6 Things I Learned By Loving The Wrong People

By

1. You can’t make someone else love you. No matter how hard you try, you can’t force someone else to love you. Sometimes how we feel doesn’t always get reciprocated, and that’s just a fact of life. It’s often heartbreaking when you realize this, and can leave you feeling utterly devastated knowing that nothing you say or do can change how someone else thinks, feels, and acts. Sometimes you just have to ask yourself whether or not they’re worth loving if you have to try and persuade them into seeing how amazing you are in the first place. It took me a long time to accept that you really can’t love someone into loving you.

2. If they’re not making any effort, chances are they don’t care. How often have I been the one to text first, make the first move, or plan the next date? Too many times. If they’re not matching your effort, especially at the start of a new relationship, then chances are they’re not as invested in it as you are. If they’re doing the absolute bare minimum and not scheduling you into their life, or they’re not excited to talk to or spend time with you in the early stages of dating, then it’s unlikely that they’ll change their behavior later on. Did you really want to be with someone who can’t even put in the amount of effort needed to get to know you?

3. Bad timing shouldn’t matter if you love someone enough. A lot of people use this to let the other person down easily, and I fully understand that our lives get so chaotic and stressful at times, yet I wholeheartedly believe if you love someone enough, then you would try to make it work. A lot of people do meet at hard times—perhaps they’re focusing on their career or moving interstate. However, if I met someone who I thought was the one, then I’d do anything not to lose them. Maybe you’ll be lucky enough to come back together again years later when you’re more settled, but you can’t expect someone to put their life on hold to wait until the other one is ready.
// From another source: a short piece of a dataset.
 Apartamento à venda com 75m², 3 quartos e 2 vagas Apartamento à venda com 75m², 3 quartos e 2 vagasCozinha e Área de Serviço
If you’ve found someone that you love, care for, and honestly cannot fathom living without, you’d make time for date nights, romantic getaways, or even just a FaceTime call, regardless of your busy schedules.

4. You shouldn’t question your self-worth if they settle down with somebody else. I once dated a guy for a few months and thought it was going really well, and then he did a complete 180 and told me he couldn’t commit to a relationship right now. Two months later, he was dating somebody else and they were together for a few years. I remember feeling like I’d been punched in the face—I started questioning myself and wondering what she had that I didn’t, why he chose her over me, and comparing almost everything about myself to this woman. It honestly took me a long time to process and come to terms with the fact that he and I just weren’t meant to be, and that him not wanting to be with me didn’t have anything to do with my self-worth and I shouldn’t live my life questioning who I am if someone doesn’t love me.

5. If they broke your heart, chances are they’ll do it again. I’ve given way too many chances to ones who didn’t deserve it over the years, and nine times out of 10 it always ends up the same as the first time. Whether they’ve cheated, broken up with you, ghosted you, whatever it is that they did that hurt you, do you really want to risk them doing it again by letting them back into your life? I often found that months, sometimes even years later, when I’d finally let them go and moved on, I’d naively let them back into my life, only to be let down, disappointed, and heartbroken all over again. I believe most people deserve a second chance to redeem their bad behaviour, yet there are some circumstances where you need to ask yourself whether or not you’re willing to put yourself in a situation that may break your heart all over again.

6. Some people are meant to come into your life but just aren’t meant to stay. I’ve dated a few people over the years and each one has taught me something valuable, regardless of if we ended on good terms or not. Losing people from your life can sometimes be a blessing in disguise, as it teaches us what we don’t want in a lover, a relationship, or in life. Often after the initial feelings of a breakup have subsided, you can look back with clarity and realize that perhaps they weren’t meant to be the whole book, but instead just a chapter along the way. Sometimes, people are merely supposed to come into your life to teach you not only things about love, relationships, and life, but about yourself, too.